Data extract Start Marker

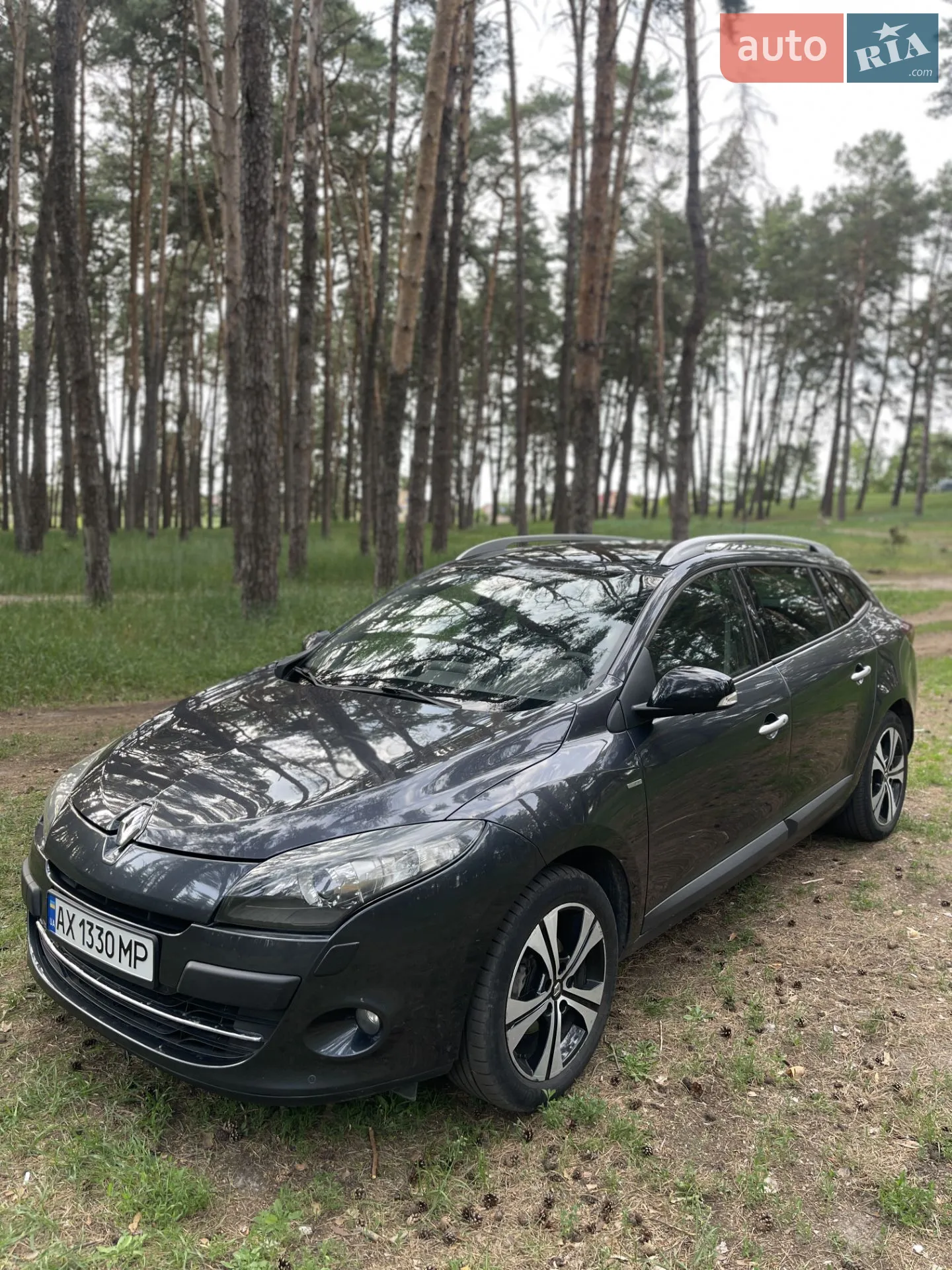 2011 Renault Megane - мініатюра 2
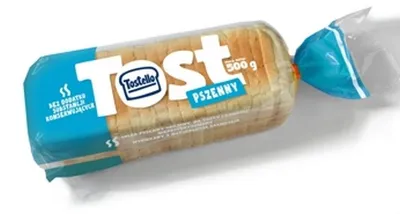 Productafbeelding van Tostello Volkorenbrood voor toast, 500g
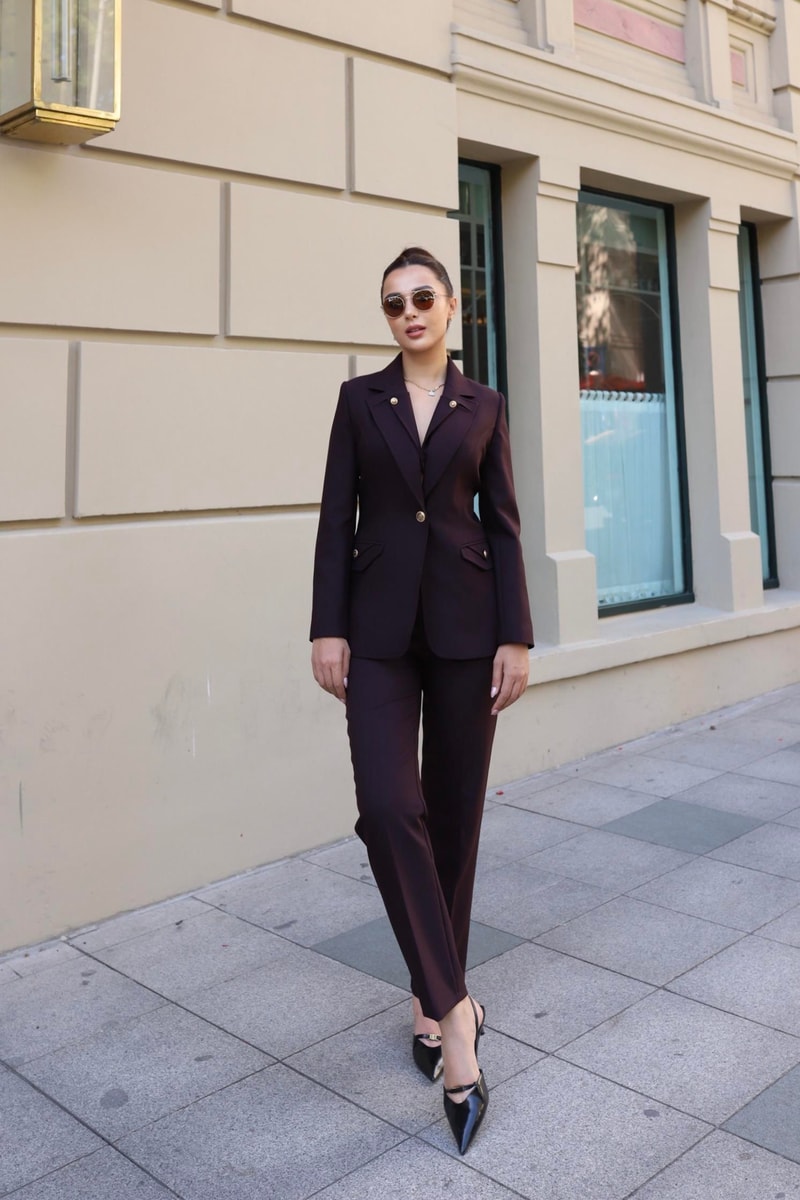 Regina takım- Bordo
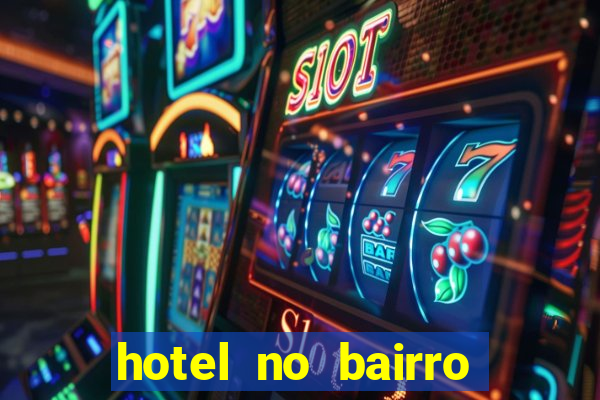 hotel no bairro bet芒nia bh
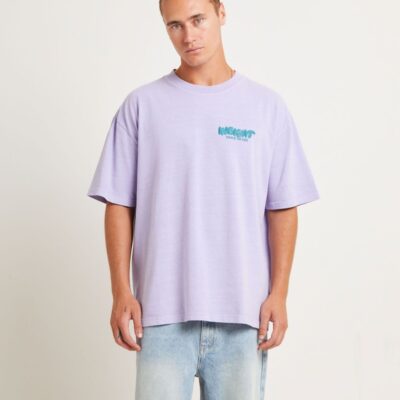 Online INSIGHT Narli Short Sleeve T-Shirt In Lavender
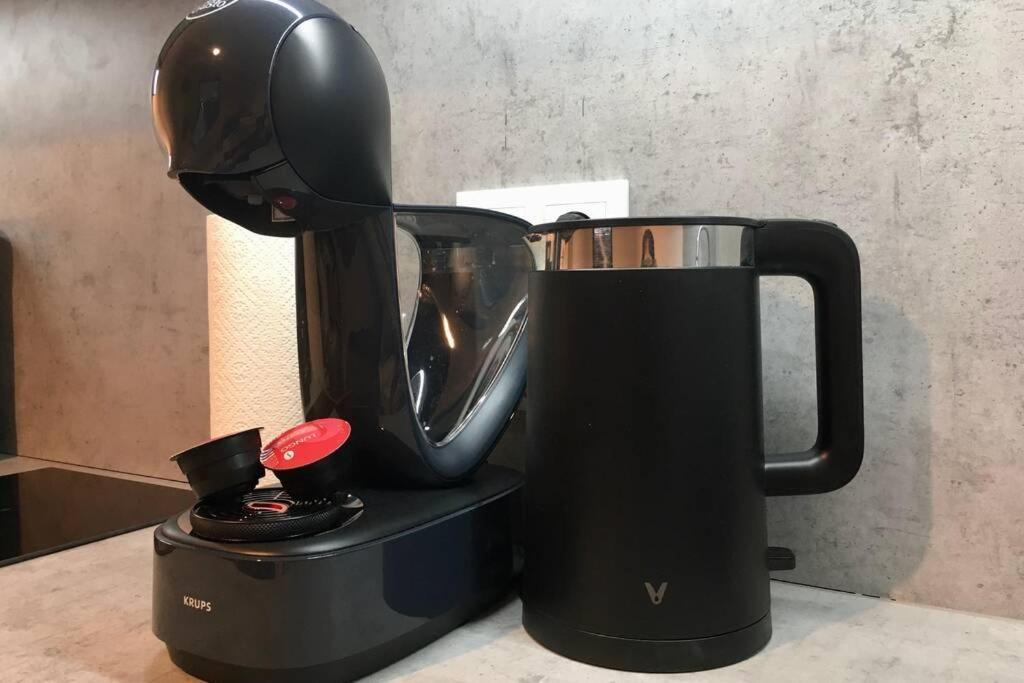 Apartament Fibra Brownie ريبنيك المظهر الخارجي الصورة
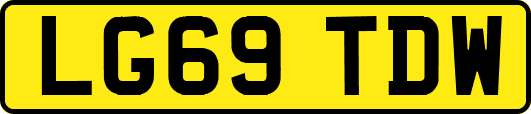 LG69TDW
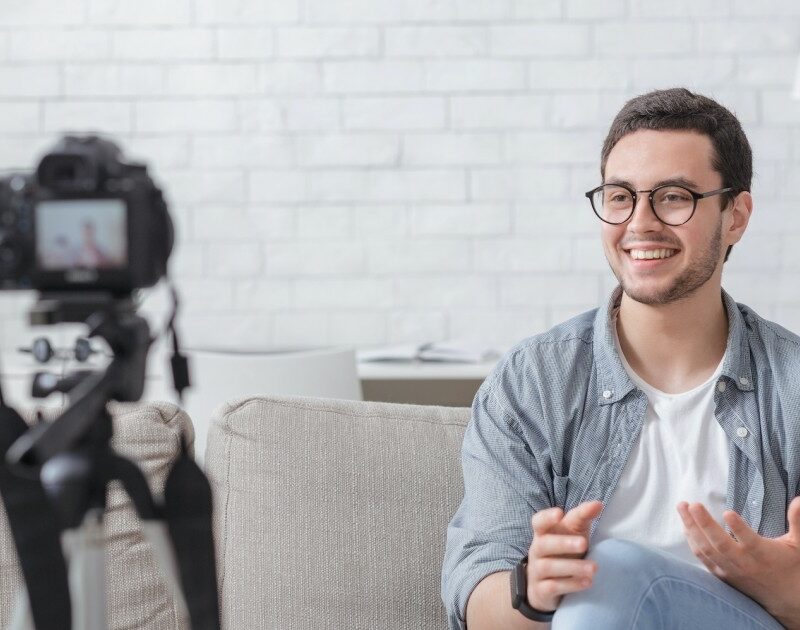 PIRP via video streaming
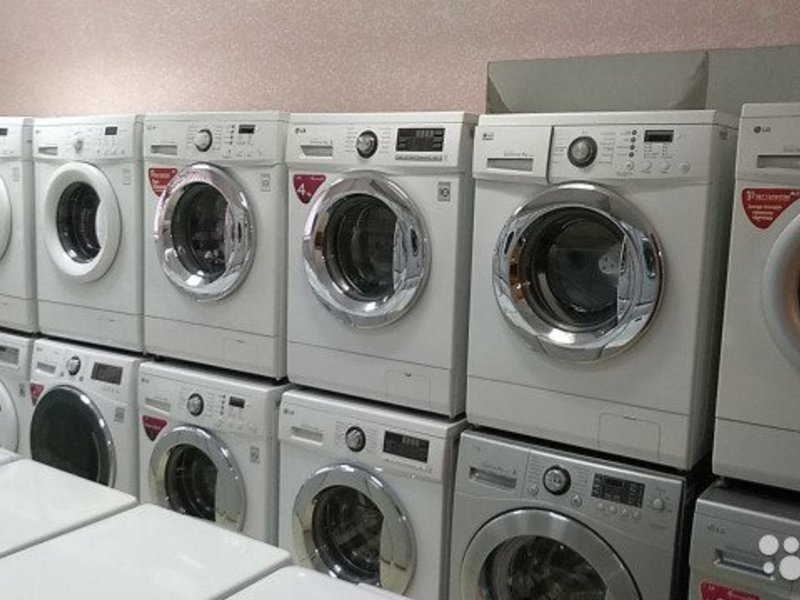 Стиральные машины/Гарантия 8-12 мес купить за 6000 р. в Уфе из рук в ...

Data extract End Marker

Your copy should hold exactly the lines from the line containing "Regina takım- Bordo" through the last line of the listing above, both included, and no pictures.

* _Exercise solution_
 Regina takım- Bordo
 hotel no bairro bet芒nia bh
 Online INSIGHT Narli Short Sleeve T-Shirt In Lavender
 Apartament Fibra Brownie ريبنيك المظهر الخارجي الصورة
 LG69TDW
 PIRP via video streaming
 Стиральные машины/Гарантия 8-12 мес купить за 6000 р. в Уфе из рук в ...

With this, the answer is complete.